Executive Director's Column

April 16
Washington, DC

Poland

The plane crash in Smolensk, Russia killing President Lech and First Lady Maria Kaczynski is sad and unbelievable. The political, military, parliamentary, financial, and academic leaders are all gone. My immediate thought on April 10th was to call Ambassador Ashe, our past President and former Knoxville Mayor. He said it would be in this country as if Air Force One, loaded with our leadership, crashed and killed them all. He is right.

Poland’s loss today devastates the Polish people because the place of the plane crash where the national elite died, Smolensk, Russia, is less than twenty miles from the Katyn Woods where starting on April 4, 1940, 22,000 of the Polish national elite were killed seventy years ago. These were not only soldiers. Doctors, clergy, professors, business leaders, the national elite leadership were shot individually by Russian secret police with a bullet in the back of the head.
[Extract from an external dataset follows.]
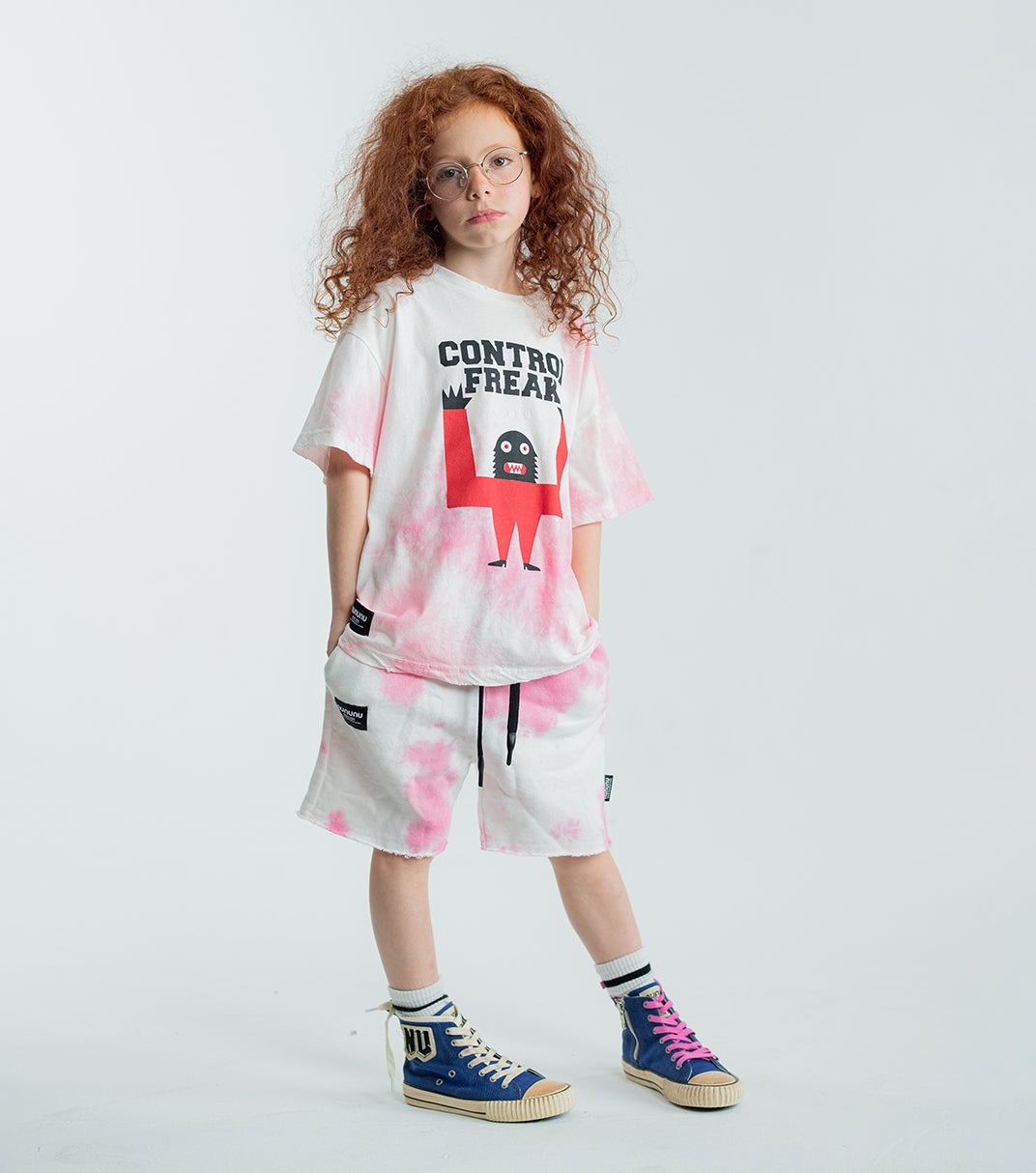 Kid | Tie Dye Sweatshorts | Pink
Thousands were shot on the edges of open pits and fell dead on top of their comrades.

Once again, the national elite leadership of the Polish people are taken away - instantly. The young and the old grieve together, but the old grieve deeper because their dynamic and precious leaders have been killed, twice now in the same place, only twelve miles apart in the month of April.

The other person who perished was Anna Walentynowicz. She was the “Rosa Parks” of the rebellion at the Gdansk shipyard in August of 1980. She was a crane operator, and when she wasn’t operating the crane she was handing out unofficial union newspapers. Her firing was the defining moment that jolted the workers to strike and lead the way to the legalization of Solidarity, the first trade union in the communist bloc. At the same time, Lech Kaczynski was a law student and advisor to Solidarity. When the communists cracked down with the martial law, both Ms. Walentynowicz and Mr. Kaczynski were jailed without a trial. Afterwards, throughout the 80’s the two of them worked with thousands in underground resistance. In the new Democratic Poland Kaczynski would go on to become President and she was an outside critic.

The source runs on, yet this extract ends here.